Explosions against the Afghan school in Kabul kill 40 people and injure dozens


© Reuters. An injured woman is rushed to hospital after an explosion in Kabul, Afghanistan, on May 8, 2021. REUTERS / Mohammad Ismail


KABUL (Reuters) – At least 40 people were killed in multiple explosions at a school in the Afghan capital Kabul on Saturday and dozens more, mostly female students, were injured in an attack. President Ashraf Ghani accused the Taliban insurgents.

A senior Interior Ministry official told Reuters, on condition of anonymity, that most of the victims were students from Sayed ul Shuhada School.

ToloNews footage showed chaotic scenes in which books and school bags were strewn across a blood-stained street and residents rushed to help the victims.

At a nearby hospital, staff rolled up injured students while dozens of needy relatives searched for their sons and daughters, according to a Reuters witness.

A Home Office spokesman Tariq Arian said the death toll was at least 30 and 52 injured.

Kabul has been on high alert since Washington announced plans last month to withdraw all US troops by September 11th. Afghan officials said the Taliban stepped up attacks across the country following the announcement.

No group took responsibility for Saturday’s attack. Taliban spokesman Zabihullah Mujahid denied the group was involved and condemned the incident.

Despite Ghani blaming the Taliban, the explosions took place on Saturday in a heavily Shiite Muslim neighborhood that has faced brutal attacks by Islamic State militants over the years, including a gruesome attack on a maternity ward almost exactly a year ago.

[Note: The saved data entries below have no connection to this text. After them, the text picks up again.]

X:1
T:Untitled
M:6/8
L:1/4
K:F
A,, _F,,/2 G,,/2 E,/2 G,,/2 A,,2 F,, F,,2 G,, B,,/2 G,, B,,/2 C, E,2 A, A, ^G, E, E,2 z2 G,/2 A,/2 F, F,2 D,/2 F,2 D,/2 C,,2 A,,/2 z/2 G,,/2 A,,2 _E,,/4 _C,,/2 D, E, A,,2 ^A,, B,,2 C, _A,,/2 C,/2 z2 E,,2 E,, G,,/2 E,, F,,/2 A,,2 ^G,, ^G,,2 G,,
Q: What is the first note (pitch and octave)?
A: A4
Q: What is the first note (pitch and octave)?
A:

At Sayed ul Shuhada High School, girls and boys study in three shifts, the second of which is for female students, Najiba Arian, spokeswoman for the Ministry of Education, told Reuters. The wounded were mostly students, she said.

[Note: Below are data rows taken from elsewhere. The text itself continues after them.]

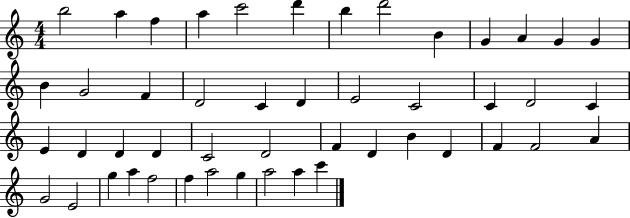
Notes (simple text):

B5/h A5/q F5/q A5/q C6/h D6/q B5/q D6/h B4/q G4/q A4/q G4/q G4/q B4/q G4/h F4/q D4/h C4/q D4/q E4/h C4/h C4/q D4/h C4/q E4/q D4/q D4/q D4/q C4/h D4/h F4/q D4/q B4/q D4/q F4/q F4/h A4/q G4/h E4/h G5/q A5/q F5/h F5/q A5/h G5/q A5/h A5/q C6/q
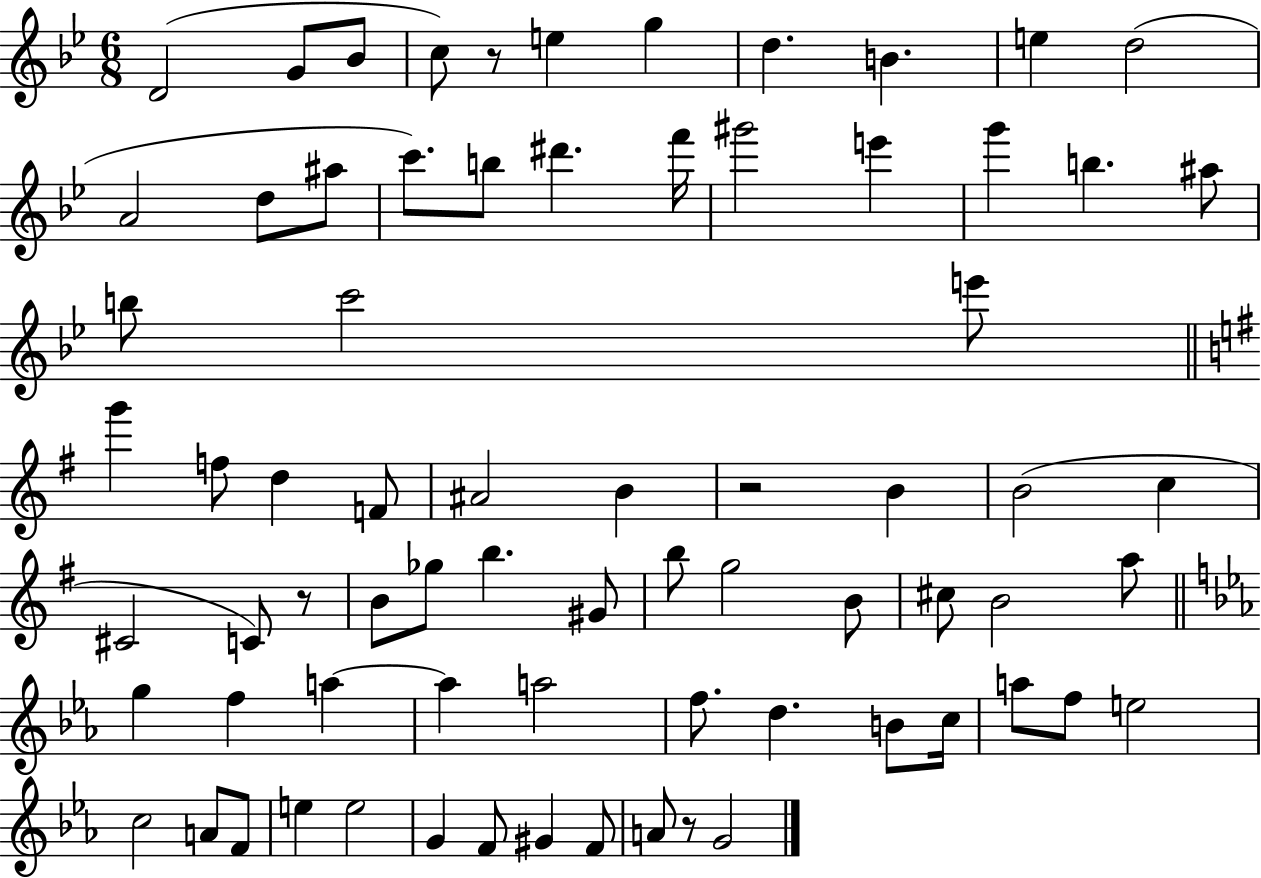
D4/h G4/e Bb4/e C5/e R/e E5/q G5/q D5/q. B4/q. E5/q D5/h A4/h D5/e A#5/e C6/e. B5/e D#6/q. F6/s G#6/h E6/q G6/q B5/q. A#5/e B5/e C6/h E6/e G6/q F5/e D5/q F4/e A#4/h B4/q R/h B4/q B4/h C5/q C#4/h C4/e R/e B4/e Gb5/e B5/q. G#4/e B5/e G5/h B4/e C#5/e B4/h A5/e G5/q F5/q A5/q A5/q A5/h F5/e. D5/q. B4/e C5/s A5/e F5/e E5/h C5/h A4/e F4/e E5/q E5/h G4/q F4/e G#4/q F4/e A4/e R/e G4/h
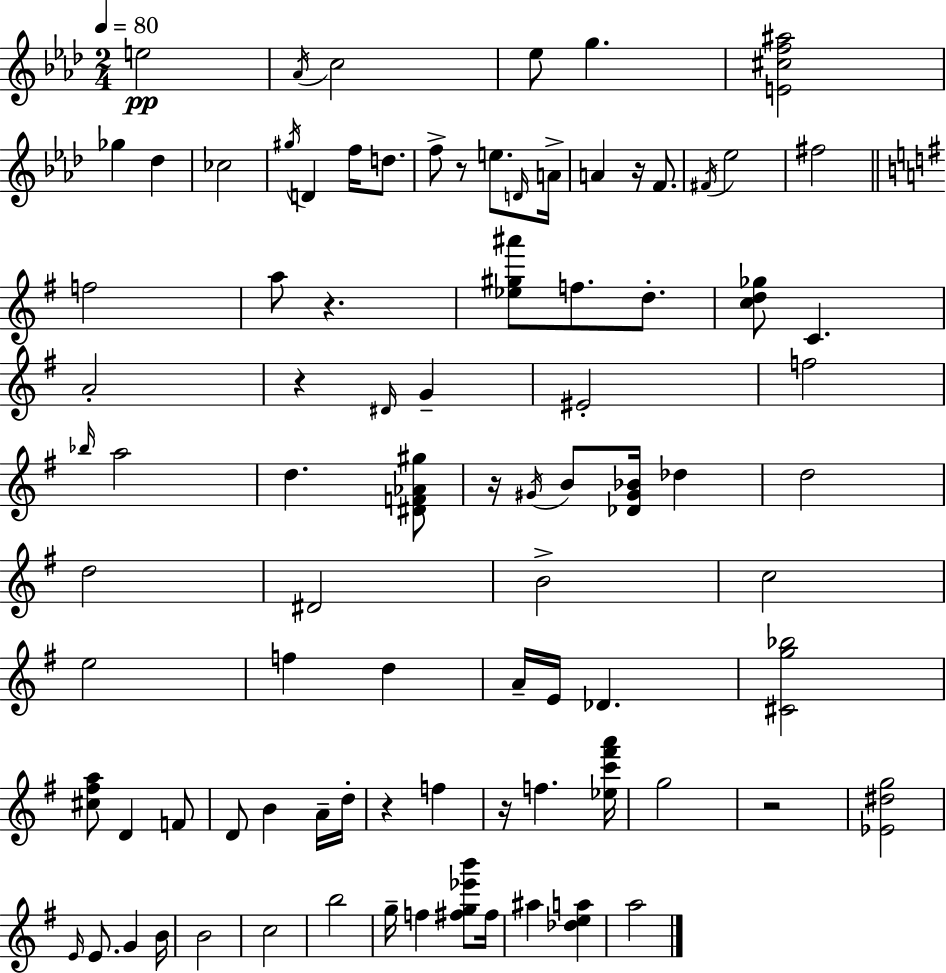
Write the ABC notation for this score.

X:1
T:Untitled
M:2/4
L:1/4
K:Fm
e2 _A/4 c2 _e/2 g [E^cf^a]2 _g _d _c2 ^g/4 D f/4 d/2 f/2 z/2 e/2 D/4 A/4 A z/4 F/2 ^F/4 _e2 ^f2 f2 a/2 z [_e^g^a']/2 f/2 d/2 [cd_g]/2 C A2 z ^D/4 G ^E2 f2 _b/4 a2 d [^DF_A^g]/2 z/4 ^G/4 B/2 [_D^G_B]/4 _d d2 d2 ^D2 B2 c2 e2 f d A/4 E/4 _D [^Cg_b]2 [^c^fa]/2 D F/2 D/2 B A/4 d/4 z f z/4 f [_ec'^f'a']/4 g2 z2 [_E^dg]2 E/4 E/2 G B/4 B2 c2 b2 g/4 f [^fg_e'b']/2 ^f/4 ^a [_dea] a2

Ghani said: “By escalating their illegitimate war and violence, the Taliban have shown once again that they not only hesitate to resolve the current crisis peacefully and fundamentally, but also complicate the situation.”

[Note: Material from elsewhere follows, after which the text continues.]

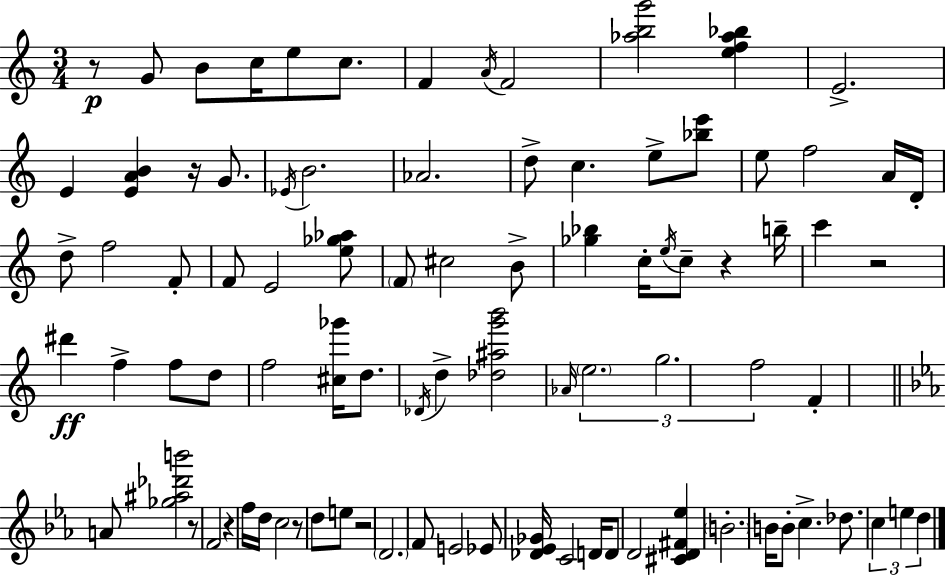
R/e G4/e B4/e C5/s E5/e C5/e. F4/q A4/s F4/h [Ab5,B5,G6]/h [E5,F5,Ab5,Bb5]/q E4/h. E4/q [E4,A4,B4]/q R/s G4/e. Eb4/s B4/h. Ab4/h. D5/e C5/q. E5/e [Bb5,E6]/e E5/e F5/h A4/s D4/s D5/e F5/h F4/e F4/e E4/h [E5,Gb5,Ab5]/e F4/e C#5/h B4/e [Gb5,Bb5]/q C5/s E5/s C5/e R/q B5/s C6/q R/h D#6/q F5/q F5/e D5/e F5/h [C#5,Gb6]/s D5/e. Db4/s D5/q [Db5,A#5,G6,B6]/h Ab4/s E5/h. G5/h. F5/h F4/q A4/e [Gb5,A#5,Db6,B6]/h R/e F4/h R/q F5/s D5/s C5/h R/e D5/e E5/e R/h D4/h. F4/e E4/h Eb4/e [Db4,Eb4,Gb4]/s C4/h D4/s D4/e D4/h [C#4,D4,F#4,Eb5]/q B4/h. B4/s B4/e C5/q. Db5/e. C5/q E5/q D5/q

The Taliban and the United States signed an agreement last year to end the 20 Years War that began with the invasion of Afghanistan by the United States and allied forces following the September 11, 2001 attacks by al-Qaeda in the United States, its leader Osama bin Laden was protected by the Taliban government.

Under the agreement, Washington should withdraw troops in exchange for security guarantees from the Taliban and the group should start peace talks with the Afghan government. Talks started last year but have stalled since then.

The Taliban’s attacks on foreign armed forces have largely stopped, but continue to target government troops. A number of journalists, activists and academics have been killed in attacks on the Taliban who refuse to participate.

Last month, Washington said it would postpone the withdrawal deadline from May 1 to September 11, which the Taliban warned could have ramifications for the deal.

Washington’s top diplomat in Afghanistan, Ross Wilson, condemned the attack in a post on Twitter: “This unforgivable attack on children is an attack on the future of Afghanistan that cannot be endured.

Neighboring Pakistan, which has significant influence over the Taliban and is pushing the group to resume peace talks and agree to a ceasefire, also condemned the attack.